2. Optimising the value of global medical communications initiatives for UK national clients. Driving value and synergies from investment made globally in data generation, advocacy development and educational initiatives which could benefit UK domestic audiences. One important reason for building an integrated medical communications network is to maximise the value chain from origination of data, often at global level, to utilising that data in a particular country and ensuring its translation into real-life clinical practice. Often this will involve 'translatory' medical communications, whereby data are put in context of the national healthcare infrastructure, culture, patient management approaches, regulatory framework, label specifics and so on. In this way it becomes more meaningful and actionable in an everyday clinical context.
For me, this is how the true activation of evidence is defined. In practice, this means optimising the link between work done at a global level, for example, on publications and opinion-leader engagement, with work done at a national level to translate that data and knowledge into a national and local context.
3. Optimising the value provided to global clients based in the UK. Providing a coherent, functioning global network as a local-to-global source of insight and input into strategy and as a route for supporting global-to-local communications.

This multi-local expertise enables more customer-centred communication strategy, planning and execution, with instant access to healthcare professional and patient communities around the world, including patient advisory boards and alliance with key institutions.

Through this, bespoke disease-specific programmes can be developed, built on true multi-country insight, which can quickly address questions of local relevance, utility and channel selection. This is especially important in disease areas with vast cultural differences across countries in their approaches to patient management.

A top global network must also be able to facilitate the exchange of expertise in the specific regulatory environments in different countries.

A true network
Ultimately, we will bring together specialist expertise for global, regional and national clients and bind this together in cohesive global-to-local and local-to-global initiatives. Although the pharma industry is not yet widely purchasing this type of medical communications programme in an integrated global approach, it seems a likely development, given the need to maximise cost-effectiveness and efficiencies worldwide.

Active global collaboration will drive a rich and rounded offering for clients, activate the transfer of knowledge and data from global to local, and customer insights and learnings from local to global.

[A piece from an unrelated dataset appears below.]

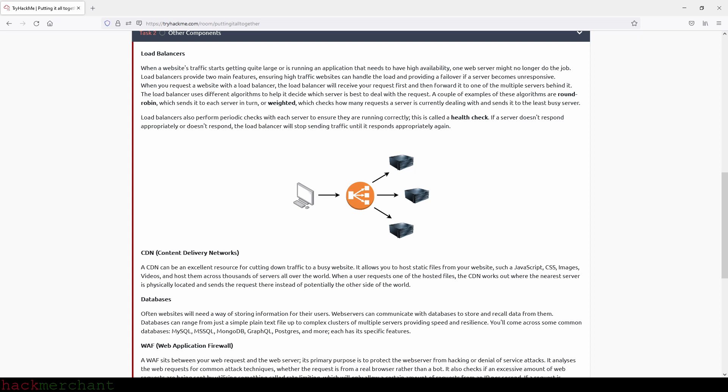Load balancers also perform periodic checks with each server to ensure they're running correctly. This is called a health check. If a server doesn't respond appropriately or doesn't respond, the load balancer will stop sending traffic until it responds appropriately again.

Building a truly functioning global network for medical communications may appear a bold, ambitious step right now. In the not-too-distant future, it is more likely to be seen as a minimum expectation for adding the most value to clients.

Charlie Buckwell
The Author

Charlie Buckwell is worldwide head of medical communications for McCann Healthcare, a leading global network, including Caudex Medical and Complete Medical Group. Before moving into this recently expanded role, Charlie was chief executive of Complete Medical Group. Previous to moving agency-side in 2000, he spent many years in global and domestic pharma marketing roles.